Our oldest, Harrison, turns nine this week. Theoretically a kid’s tenth year should be full of pocket knives and puppy dog tails. It should include hours of bike riding and popsicles, tree forts and video games. Who wouldn’t want to be nine?
But today’s nine-year-old is nothing like the ones I grew up with. Life is hard for our kid right now and there’s not a whole lot we can do about it.
Take homework for instance. The poor boy comes home with at least 40 minutes of homework a night. Add to that 25 minutes at the piano, a few chores, baseball practice and whoops! There goes his childhood.
As much as I’d like to torch his homework sheets I recognize that whether we agree with them or not they must be done. He might be nine, but personal accountability has got to come into play sometime.
“But Mom,” he said to me in the car last week, “Who cares? Why do I have to do this stupid homework anyway?”
“Because,” I said, “People who don’t learn to do their homework in third grade grow up and you know what happens? They get fired because they never learned how to finish anything. Without a job they have no money, and if they don’t have money they don’t have a house or food. And you know where they end up living?”
He was pretty captivated at this point and gave me an open mouthed, “Where?”
“They live in a box. And it’s cold and it’s soggy and they’re hungry all the time. Do you want to live in a box?”
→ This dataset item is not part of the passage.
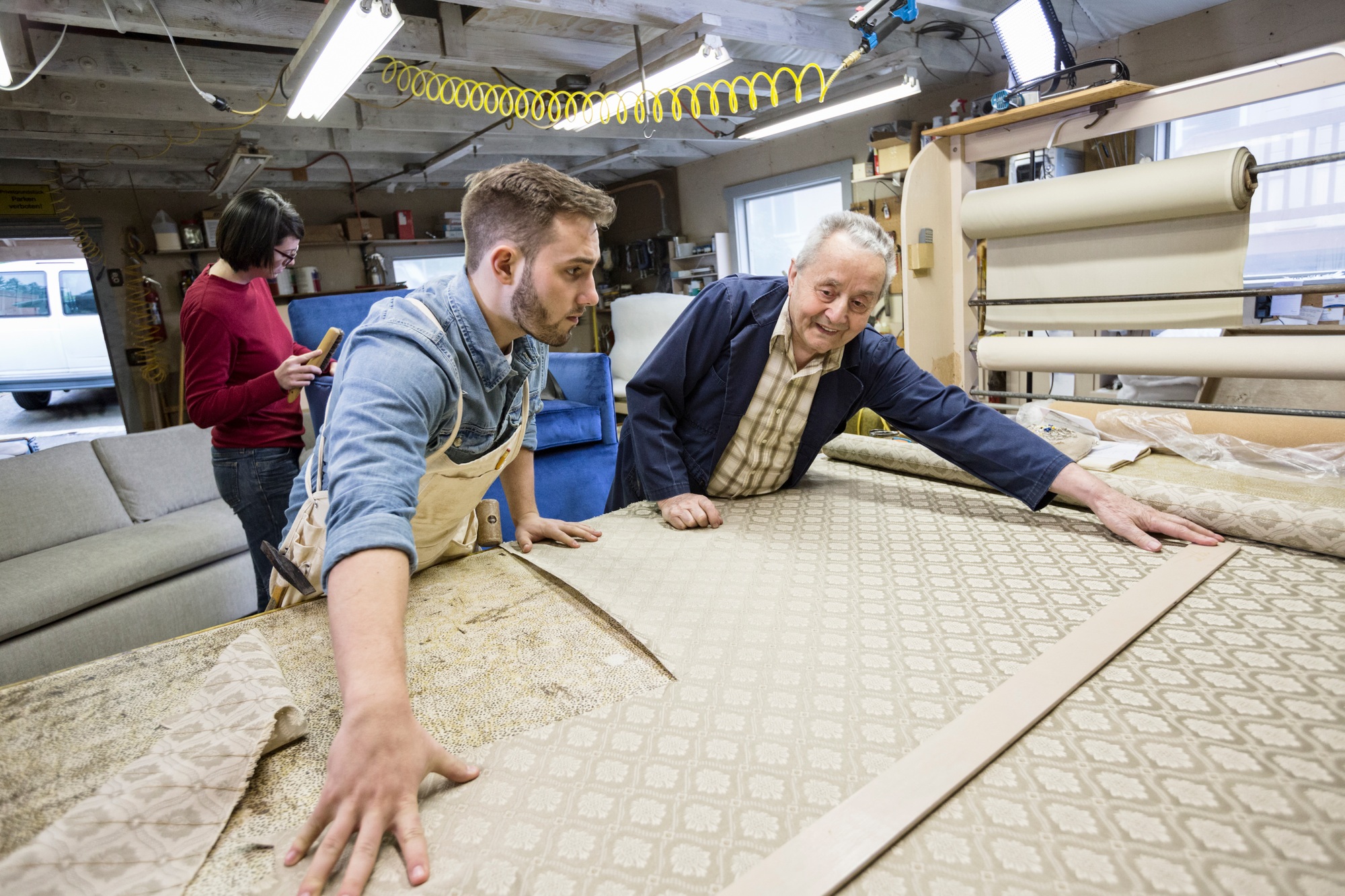 Young Caucasian man learning the art of upholstery from a senior male upholsterer.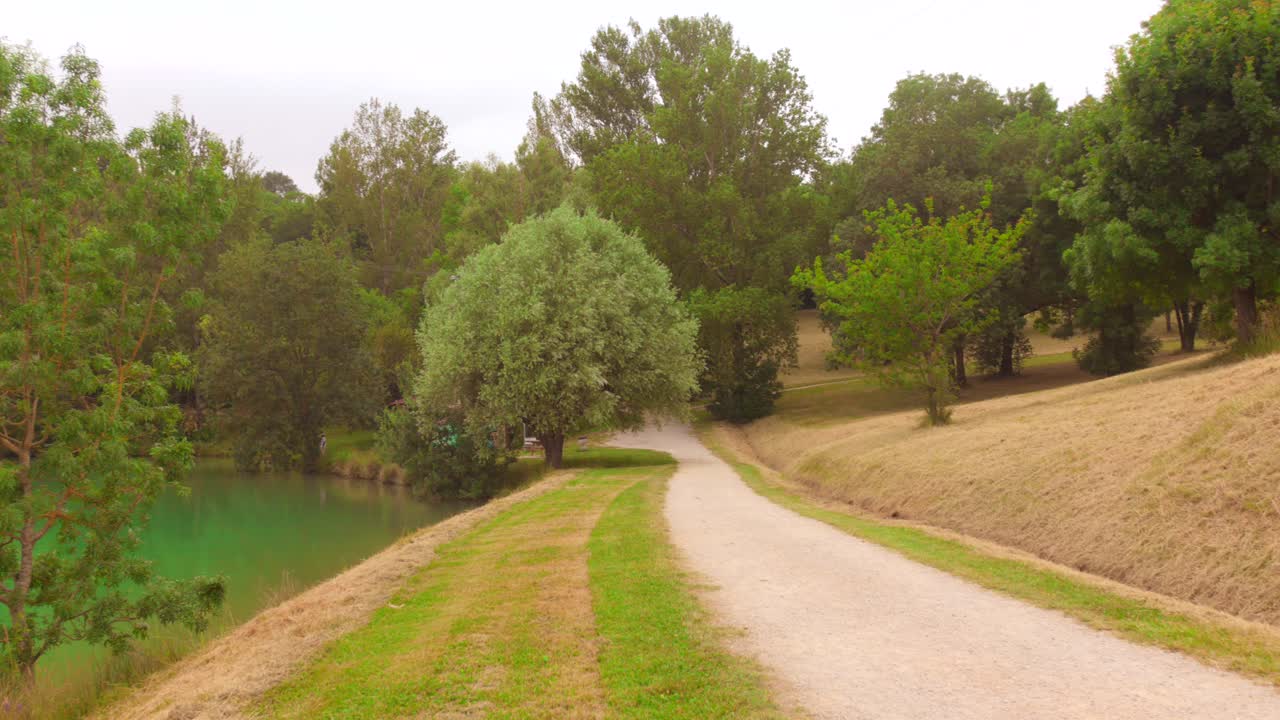 A wide shot of a dirt path running along the edge of Lac de l'Orme Blanc, flanked by trees and gentle grassy slopes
“Then finish your spelling!”
As much as I’d like to knock something out of his schedule there’s no doubt that it’s all adding to his personal development. Baseball is one of the most necessary evils a nine-year-old has in his life. Our society has carefully removed just about every losing opportunity for today’s kids. At soccer here they’re not allowed to keep score; kids in his basketball league aren’t allowed to fast break (lay-ups are practically illegal), and it doesn’t matter how good or bad you play, everyone gets a trophy for signing up.
But baseball is the great American equalizer. Once a kid gets past T-ball and into a real pitching league they’re introduced to every boy’s worst nightmare: the umpire.
Gone are the days of coaches gently calling the pitches and giving the kids five or six good chances to hit the ball. Instead they creep up to the plate with eyes locked on the huge masked man standing uncomfortably close to the plate. Not only that, he yells at them. Most of the kids are so frightened they stand there and forget everything they’ve practiced. The ump calls three strikes and throws them out of the game like yesterday’s wash water. Most of them slink back to the dugout and cry.
It’s kind of awesome.
I think it’s good for kids to lose. My son begs his father to play chess with him on a regular basis and Jason kicks his trash all over the board every single time. You’d think this would discourage Harrison but it’s the opposite; he can’t get enough of it.
About a year ago I watched a particularly brutal chess match up and quietly approached Jason afterwards. “Honey, do you have to be so tough on him? Can’t you let him win once in a while?”
“No,” he said, “Because the day he finally beats me is a day he’ll remember for the rest of his life. This is good for him, does it look like he’s complaining?” I looked over and watched Harrison setting up a rematch, shrugged and left it alone.
The two of them have been playing for the past two years and yesterday, for the first time, they hit a stale mate. When Harrison realized that he hadn’t lost the game he practically cartwheeled his way through the house. “A tie! Mom, it was a tie!”
I guess being nine might be hard, but it isn’t without its rewards.